I am openning a shop. What equipment should I sell


Planning on opening a retail "store front" what equipment should I carry?? Should I sell at price points or sell what sounds good? How important is base response in speakers. What is the right approach??
sounds_real_audio
Abucktwoeighty

You are so right. Just sell stuff you have never heard. The reviews say it is good so it must be.
Seriously I think a lot of these on line retailers must do that.

Goldeneraguy

Thank god for food stamps.......people come to listen and I go out to their car and siphon gas....

Not much money but good people and lots of fun...
Post removed 
I grew up in Albany, NY. A ton of hifi shops have come and gone over the last 2 or 3 decades. Only one has stayed.

Hippo's does things unlike most hifi shops I've seen. They actually advertise in print, radio, and TV. They carry one or two big box brands to get the average Joe's attention, like Sony and JVC. They advertise that stuff at a few bucks less than the big box stores (a Best Buy is about 5 minutes down the road).

When the average Joe walks in, they have to walk past a few McIntosh, Rotel, and Cambridge systems to get to the Sony stuff in the back. No one walks by a Mac anything without noticing it.

They don't bait and switch. They audition stuff like KEF and B&W against near equally priced Sony stuff. They show what a few more bucks will get, and what a few bucks less will get.

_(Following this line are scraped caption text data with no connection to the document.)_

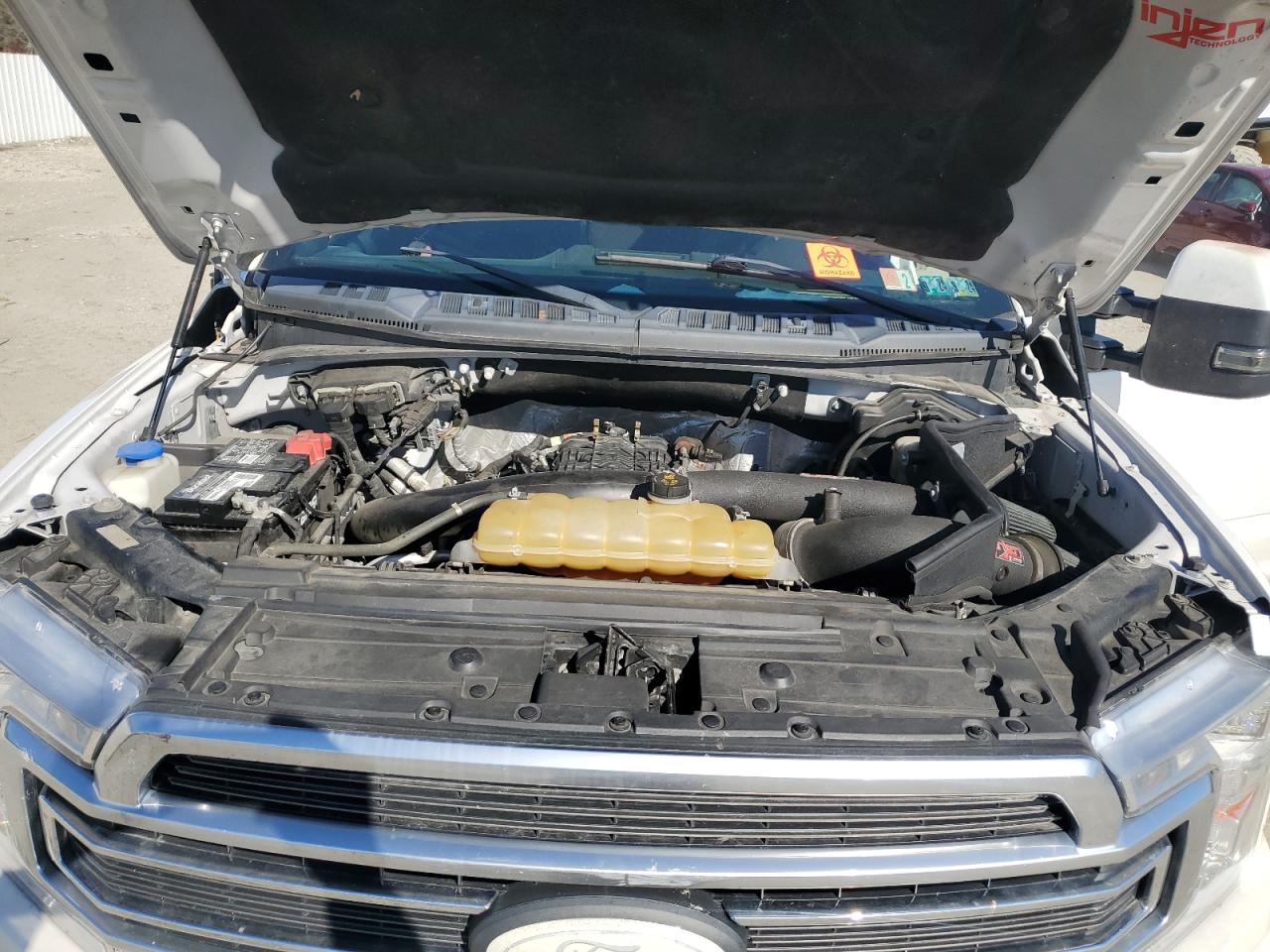 2018 FORD F150 SUPERCREW photo 11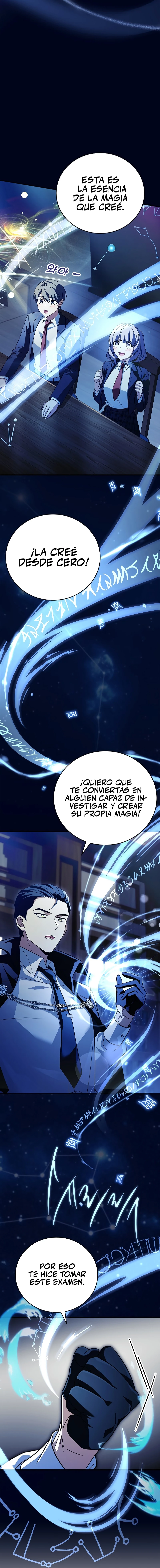El heroe de nivel legendario prodigio de la academia. Capítulo 14 - Página 32 en español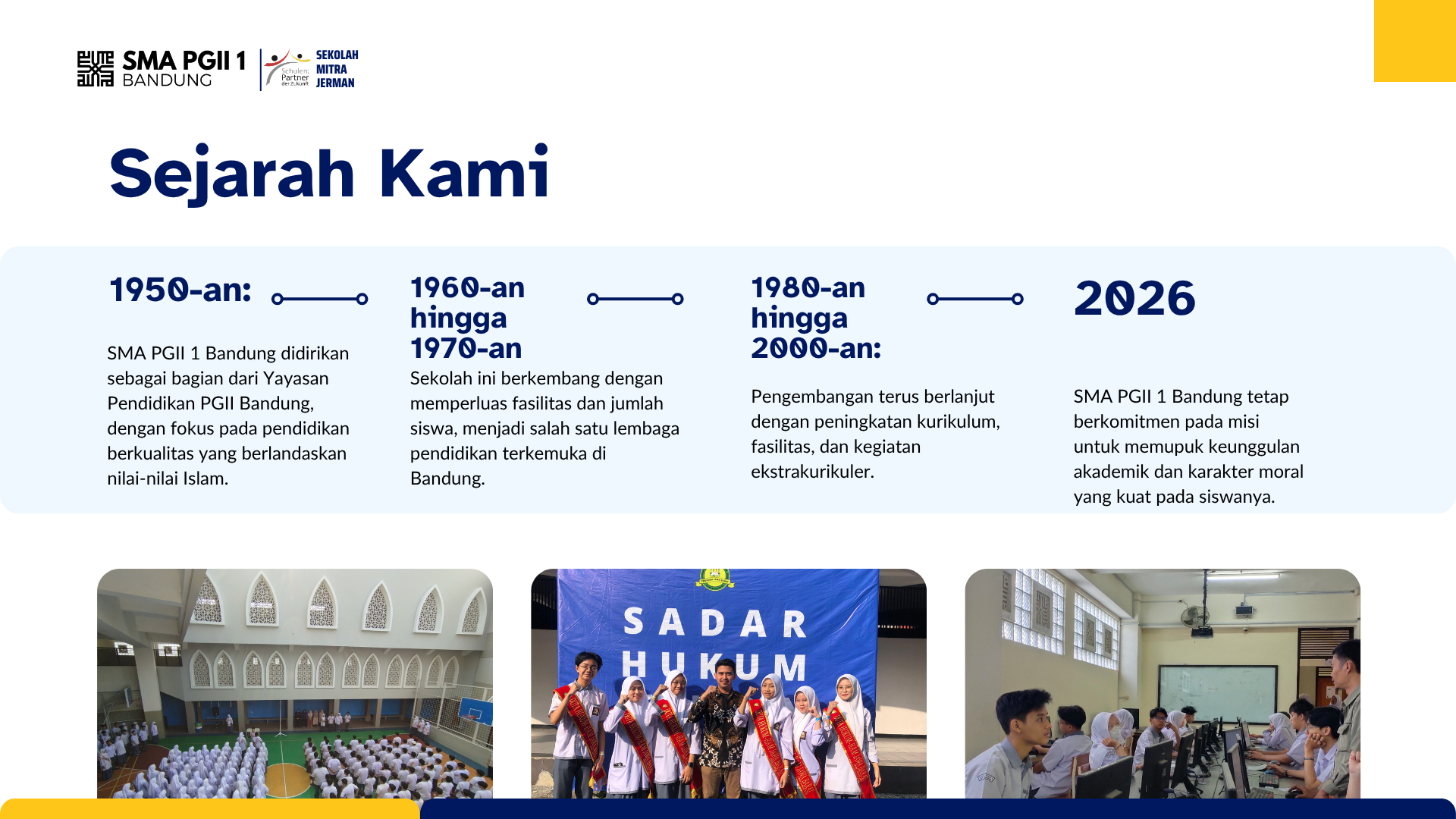 Sejarah Kami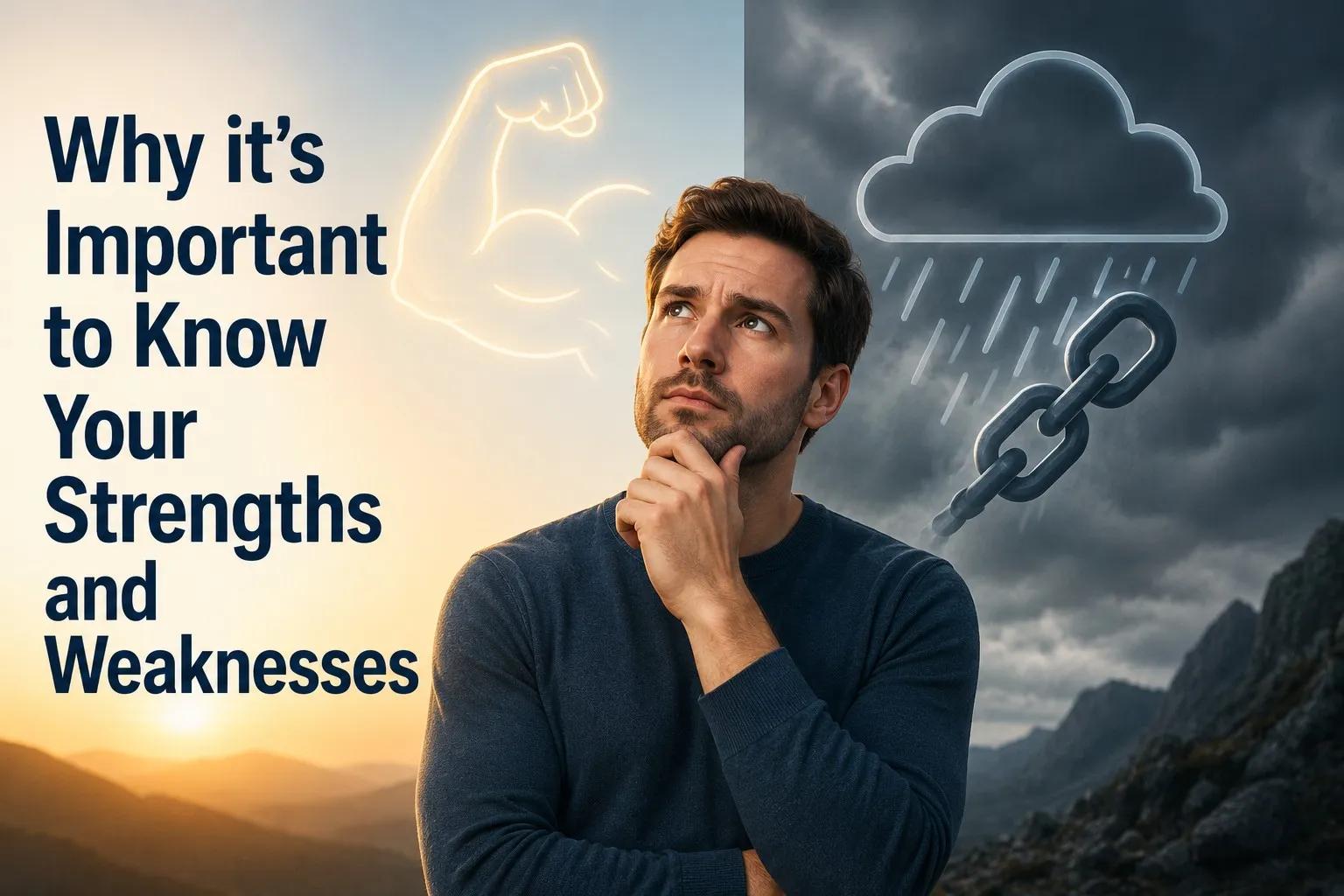 Why it's Important to Know Your Strengths and Weaknesses cover picture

They do a lot of HT and stereo sales. They also do a ton of custom home and business installs. And they've embraced the iPod and DACs, rather than fight them.

They have a very knowledgable, non-snob, non-teenaged staff.

These things sound like common sense, yet how many dealers have actually done anything resembling this?
It would seem that there are very few bricks and mortar shops making money on (new) retail high end audio. As several have noted, custom HT installations are now the bread and butter for these businesses. I've been an investment baker advising businesses for most of my career and my advice in this instance would be:

"Proceed with extreme caution." Beyond that, just 2 specific thoughts.

Most small businesses do not fail because they are inherently unsustainable. Rather, they simply run out of money. Make sure that you are adequately capitalized before you jump in.

Keep your overhead under control! This would probably be the first priority, since you face an uncertain cash flow stream. Any meaningful nut could sink you.

Good Luck.

Marty
The fact that Jim is still here, coming from an economy that was booming, to one that went totally bust, says that he is doing something right.

5 years on- 90% of all businesses fail in that time- this is not luck. Congratulations!